Omit all pictures. Reproduce exactly the lines from the first line of the records below through the line with "Get connected with".

- **Saved entries**
== == ==

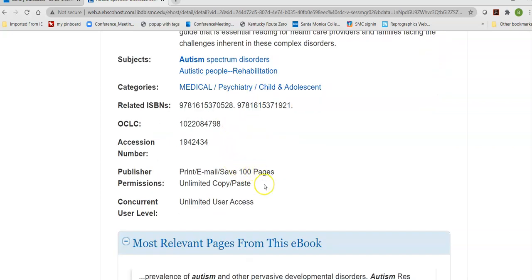Then it will tell me what the publisher allows. This is not SMC controlled — this is publisher controlled. They will only allow you to print, email, or save up to 100 pages of this book.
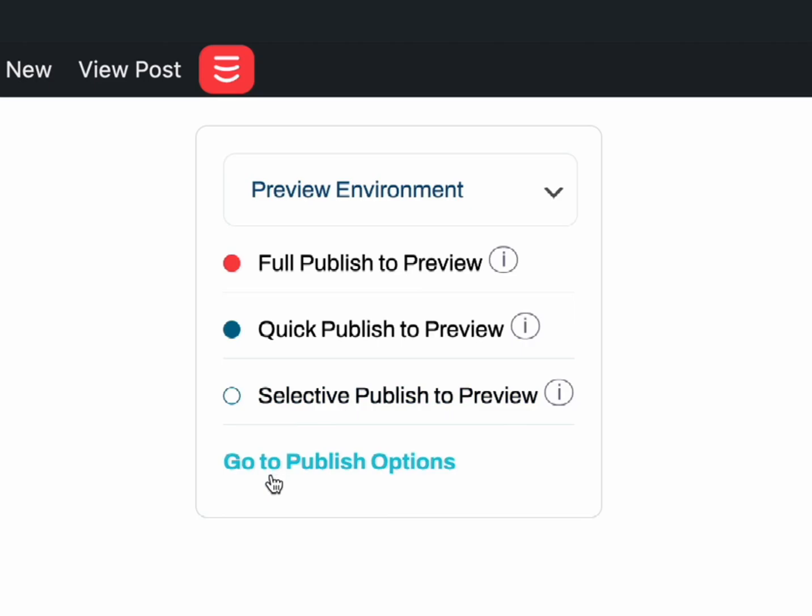You can see these publishing options and more settings in the Publish options area by clicking here, or clicking the Stratix menu in the left-hand sidebar. For your first publish, I would recommend using the preview environment, then selecting Full Publish to preview.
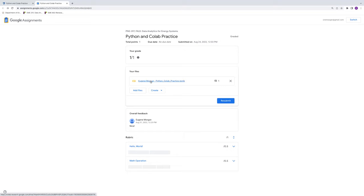Okay, so that covers it for accessing your CoLab homework assignments and submitting them. So there you go. Thank you. Awesome. Thank you very much.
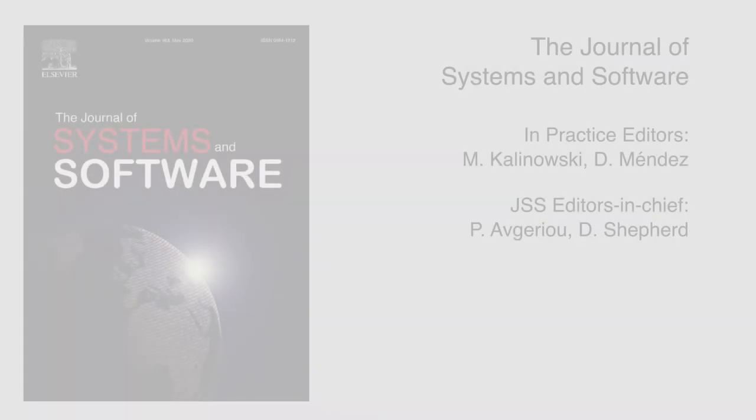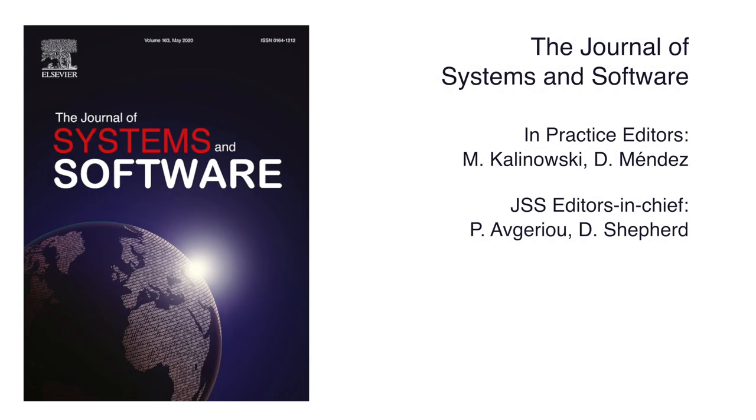Get connected with the JSS in Practice Editors and Associate Editors. Thank you.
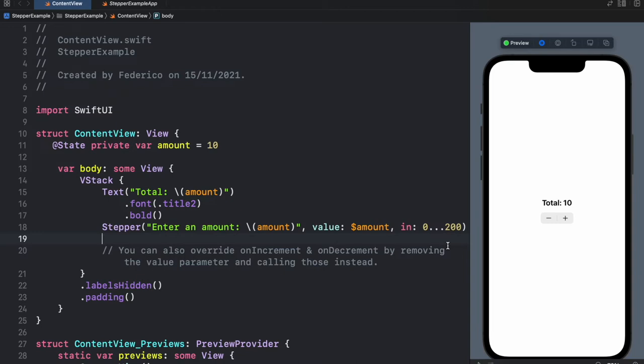In today's lesson we're going to be going over how we can create a stepper in Xcode and it's going to look like this one over here.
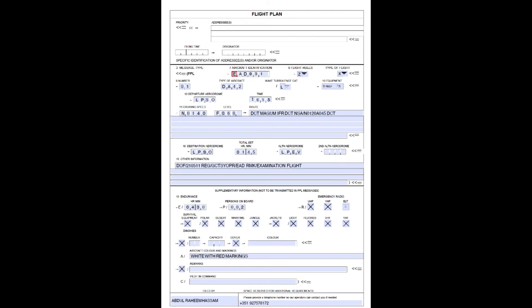Now you need to fill out a flight plan sheet in order to send it to the appropriate authorities to be accepted to perform the flight without any issues. On this sheet you will put your call sign, your equipment, the type of flight, your route, altitudes, and all the specific details for them to know who you are, where you are, and what you're going to do.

== == ==

- **Exercise result**
Then it will tell me what the publisher allows. This is not SMC controlled — this is publisher controlled. They will only allow you to print, email, or save up to 100 pages of this book.
You can see these publishing options and more settings in the Publish options area by clicking here, or clicking the Stratix menu in the left-hand sidebar. For your first publish, I would recommend using the preview environment, then selecting Full Publish to preview.
Okay, so that covers it for accessing your CoLab homework assignments and submitting them. So there you go. Thank you. Awesome. Thank you very much.
Get connected with the JSS in Practice Editors and Associate Editors. Thank you.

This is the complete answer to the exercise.